But they have any number of people around them who feel the same way. They cultivate them. They land on their feet every time. Girlfriends, boyfriends, colleagues, family, friends. They find people to emotionally leech off and make them feel pity and love and a need to help. And, you make sure you never disappoint them because you never want to again see the pained reproach in their eyes, in their voice, in their words or in their heavy silence. And you are sucked in.
Though in your heart, somewhere, you know it is futile.
Because sometimes people are so self-destructive, hopelessly so,
that it seems they are aware of what they are doing. But they are
not, they just can't stop.
They can't say the hard words like I love you or appreciate you or even sometimes (often) say, look, I'm sorry I hurt you. I didn't mean to, I didn't think what it would do to you. Your emotions are not their concern.
They can't imagine anyone hurting as much as them.They just watch as everything crashes around them. They make enemies, but even their enemies pity them. If they ever do apologise for something they've done, it will only be because there is something in it for them or because something bad will happen to them if they don't.
They can say the words, but they have no meaning and even when you tell them what effect their behaviour has had, to show remorse or make real amends never happens; that would be admitting they really were wrong.
They promise people who love them things they never intend to fulfil. Yes, we'll do that, one day. I'll be that for you. Just. Not. Yet. Someday. But they'll let you down, every time. And you'll never know it until it's too late. They ruin lives, not least their own.
They may appear to have a bleeding heart empathy for tragic causes, but truly they feel nothing but their own pain. It's so vast that whatever attention you give to them is swallowed up without leaving a trace like a gaping, voracious black hole. People try to help. They fail, because no one has reserves big enough to fill the void.

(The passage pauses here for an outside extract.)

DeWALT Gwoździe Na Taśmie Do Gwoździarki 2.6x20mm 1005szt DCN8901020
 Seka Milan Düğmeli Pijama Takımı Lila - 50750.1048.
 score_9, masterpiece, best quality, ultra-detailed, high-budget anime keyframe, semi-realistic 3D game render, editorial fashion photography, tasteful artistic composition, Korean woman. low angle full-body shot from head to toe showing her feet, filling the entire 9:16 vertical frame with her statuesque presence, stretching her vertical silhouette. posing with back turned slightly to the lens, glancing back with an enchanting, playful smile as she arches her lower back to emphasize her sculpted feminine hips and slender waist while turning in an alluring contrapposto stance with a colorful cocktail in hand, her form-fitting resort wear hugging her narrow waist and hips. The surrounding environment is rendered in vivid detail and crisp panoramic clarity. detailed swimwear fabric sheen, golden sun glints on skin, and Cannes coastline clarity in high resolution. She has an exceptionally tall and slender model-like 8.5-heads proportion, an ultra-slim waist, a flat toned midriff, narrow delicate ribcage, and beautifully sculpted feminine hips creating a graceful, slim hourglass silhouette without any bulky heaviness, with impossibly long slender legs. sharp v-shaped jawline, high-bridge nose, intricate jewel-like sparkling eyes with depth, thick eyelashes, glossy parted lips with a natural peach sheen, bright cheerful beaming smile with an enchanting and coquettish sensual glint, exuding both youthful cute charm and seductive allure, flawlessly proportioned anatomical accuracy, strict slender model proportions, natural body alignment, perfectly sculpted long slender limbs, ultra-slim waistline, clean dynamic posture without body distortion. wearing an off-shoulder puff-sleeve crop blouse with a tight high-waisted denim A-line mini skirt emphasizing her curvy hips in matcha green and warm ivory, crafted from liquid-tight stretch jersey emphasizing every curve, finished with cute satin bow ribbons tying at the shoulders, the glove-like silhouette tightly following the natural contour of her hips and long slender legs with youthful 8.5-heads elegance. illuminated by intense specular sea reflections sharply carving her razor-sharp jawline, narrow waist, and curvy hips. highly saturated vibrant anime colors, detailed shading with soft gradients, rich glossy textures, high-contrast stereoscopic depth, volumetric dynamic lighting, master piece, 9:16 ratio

Can they be helped? Can they recover? In the end, it's down to them truly admitting their need and finding help. But not just any help, finding the right kind of help in the right place, independent of enablers so they can finally stand on their own two feet and look at who they really are.
Are they ready for that? Will it ever be time to stop leaving a trail of destruction and damaged people in their wake?
That includes you. One day you wake up and see things differently, the scales have fallen from your eyes. You've been hurt so many times and your friendship, the push me-pull me affair it always was, is permanently over and you hope you've escaped before you're too deeply scarred. Even though you said many times that you'd always be there for them, whatever they did, your self-respect finally woke up and you realised they would never do anything for you.
The narcissist meanwhile moves on easily, slithering away to hook some other unsuspecting soul. In their world you simply no longer exist, other than as their bad memory of someone they could no longer control.
Their charm, that 'poor, injured-me, please take care-of-me' charm means they have always got away with so much, protected by apologists who still think they'll come good, a constant triumph of hope over experience. You know this; you were once among them.
These are the ones who clean up the mess left behind, even when the narcissist's behaviour - sometimes breathtakingly risky behaviour - has broken hearts, threatened their job or their reputation or even that of their employer.
And sometimes, the protector is the last to know the true extent of that which the narcissist has kept hidden.
That is, until someone else finds out who isn't prepared to keep it secret.